Last year, Erin Hamlin did something that no American has ever done. She broke the powerhouse Germans' luge winning streak at 99 international victories to win a World Championship on her home track in Lake Placid, New York - the site of the 1980 Olympics. She is the first non-German since 1993 to win a world title.
Heading into the 2009 World Championships the Germans had won 19 of the last 20 world titles.
Hamlin says that while some of the German racers were devastated and stunned by her victory, others cheered and offered their congratulations.
"Granted, their team didn't win, but at the same time they understand this is going to be great for the sport and brings a new perspective," Hamlin said. "It makes things a little bit more interesting."
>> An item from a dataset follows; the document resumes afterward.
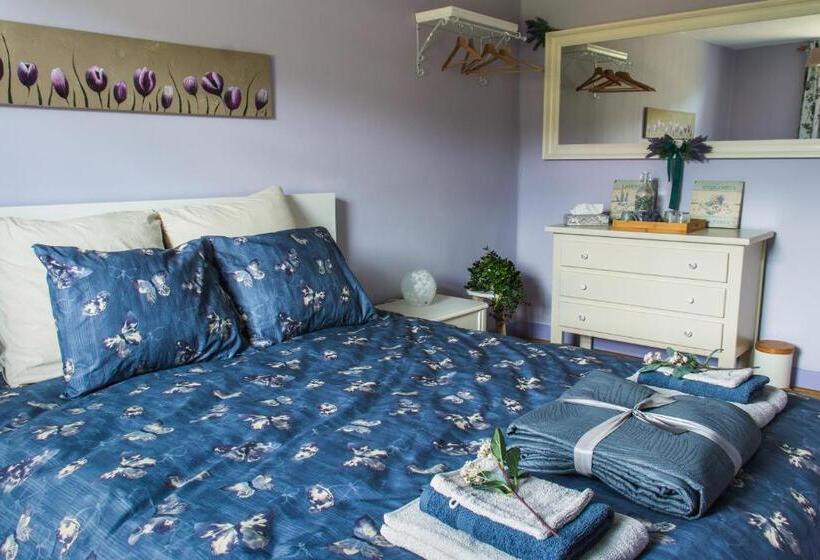 اتاق استاندارد با تخت بزرگ, Wings Creek Ranch B&b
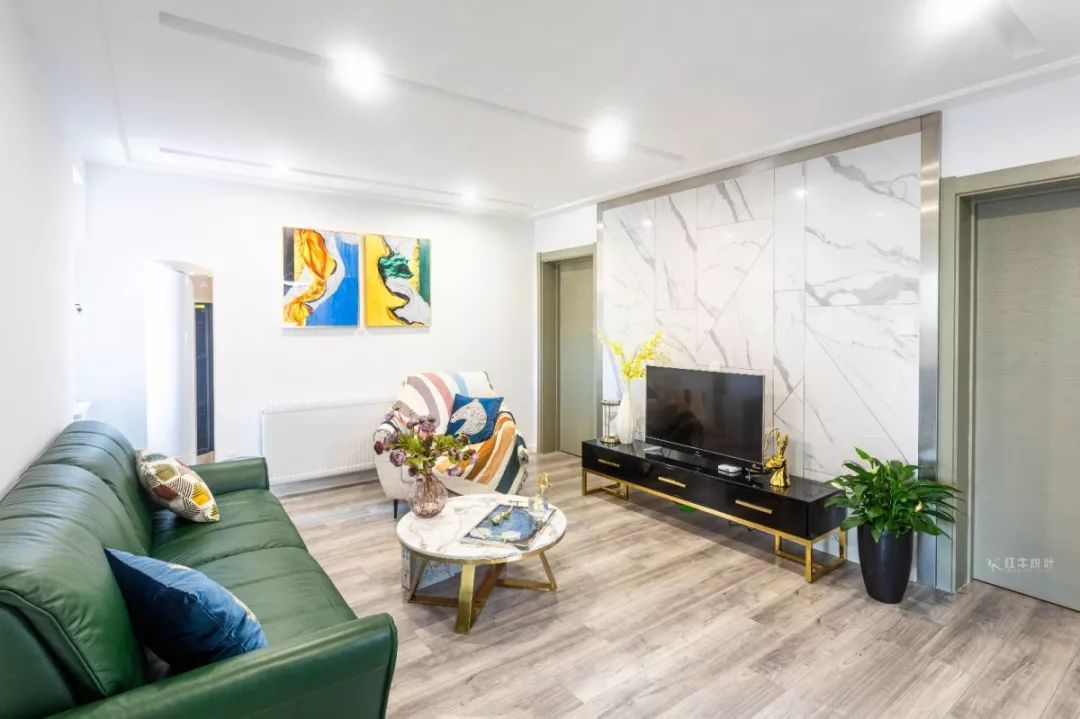 南京龍蟠花苑90㎡現(xiàn)代輕奢--老房升級改造，變身時尚精致家！04客廳改造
Perhaps with that in mind, Hamlin says she thinks that her gold medal achievement last year will be on minds of the German racers in Vancouver.
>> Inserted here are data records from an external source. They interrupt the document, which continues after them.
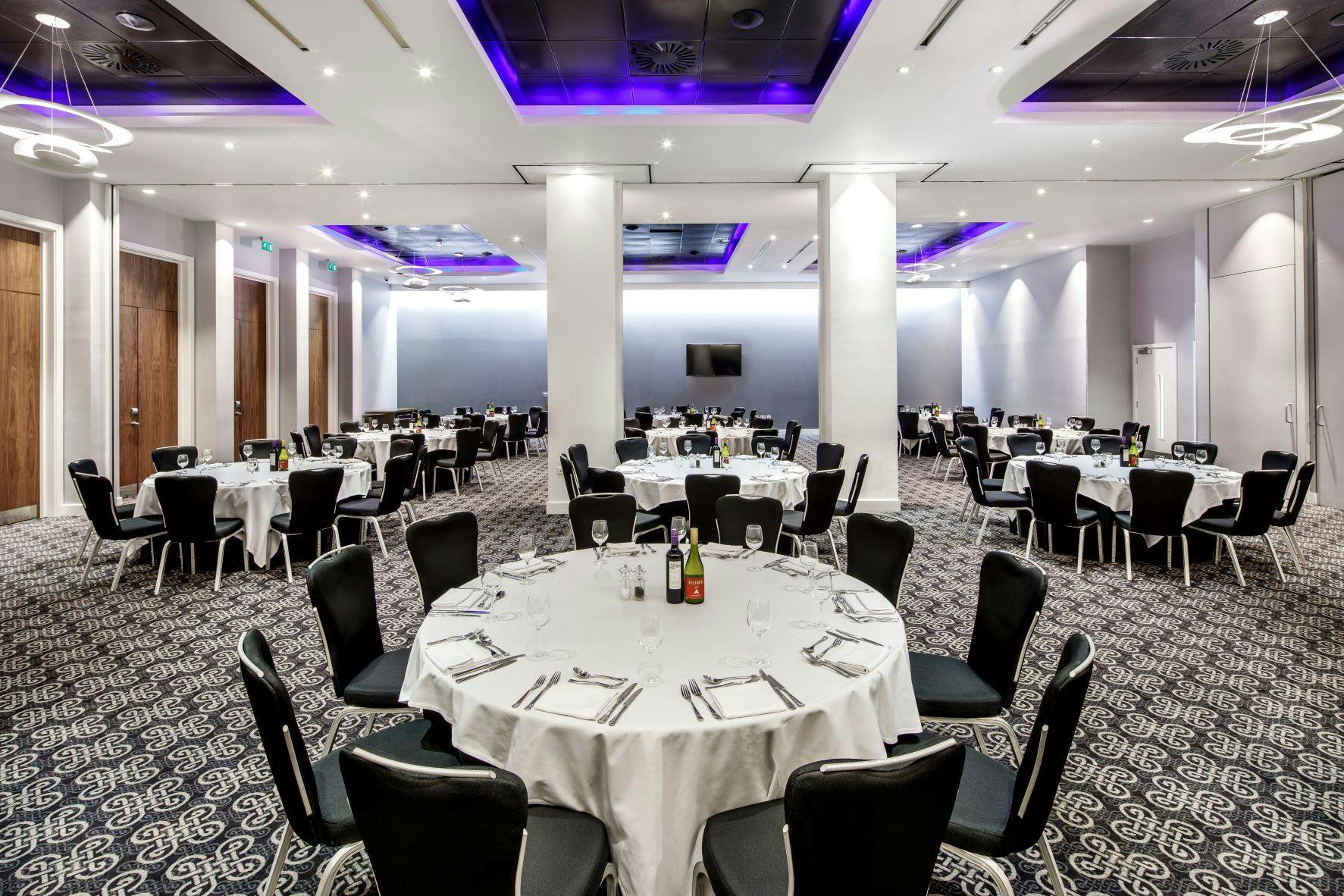 Radisson Blu Hotel, Cardiff - Azzurro Ballroom image 1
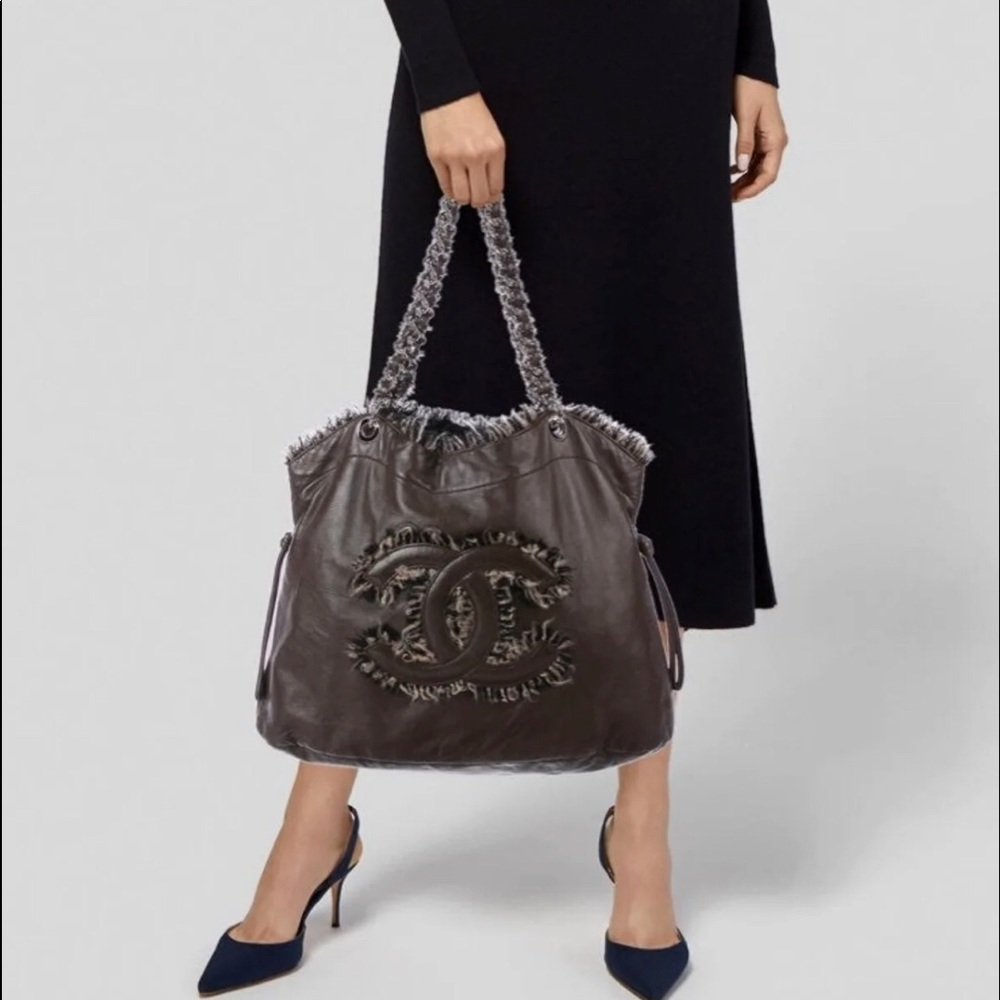 Chanel Large Tote Bag Tweedy CC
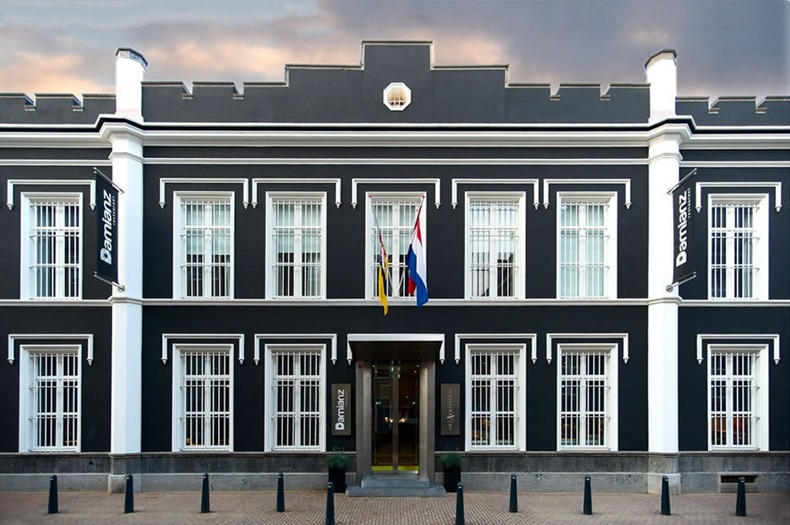 het-arresthuis-outside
"I don't think that before, they ever really cared to think twice, but now I think they have to reclaim their rightful spot," Hamlin said. "The German women have had that streak for so long, but not having them up there, not having to hear the German [national] anthem again, was awesome."
Erin Hamlin finished the 2010 World Cup season in fourth place with two bronze medals. She was behind the top three Germans - Anke Wischnewski, Natalie Geisenberger, and number one Tatjana Huefner who is a two time former world champion and reigning 2006 olympic bronze medalist.
All four women are considered medal contenders in Vancouver, however Germany is favored because it has won seven of the last 10 Olympic gold medals.
In late January, Hamlin won the silver medal behind Huefner at the Challenge Cup competition on the Turin Olympic track in Cesana, Italy. Geisenberger was third. The event is for the best 10 luge racers-- or sliders -- from the World Cup standings, with no more than two athletes per nation competing.
But every track is different, and Hamlin says speed is what sets Vancouver's Whistler Olympic track apart from others.
"The technical parts of how it's built, and the elevation drop," Hamlin said. "Some of the curves are bigger where you can pick up a lot of speed, and then you get to the bottom and it's just fast."
"We go around right around 90 miles an hour (144 kph), the men 95 (152 kph). And for the Olympics I'm sure it will creep a little faster," Hamlin said.
Erin Hamlin is from the town of Remsen in upstate New York, where winter sports are popular. She first started sliding at the age of 12. She says she had to work hard to learn the technical aspects of the sport such as steering, but she liked the challenge, and that is what kept her interested.
After her 2009 victory at Lake Placid, a local ice cream shop in Remsen, The Soda Fountain, celebrated Hamlin's gold medal success by naming a dessert after her. The World Champion Erin Hamlin Sundae, consists of vanilla ice cream mixed with Reese's peanut butter cups and Oreo cookies, with hot fudge, whipped cream and a cherry on top.
Ice cream confections aside, it is conquering a tough course that gives Hamlin a certain satisfaction.
"When a track challenges you, it makes it that much more fulfilling when you can get to the bottom and feel like that was really good," Hamlin said.
And don't forget going fast. Whistler Olympic-track fast. Erin Hamlin aims to slide her way to a sweet medal finish in Vancouver.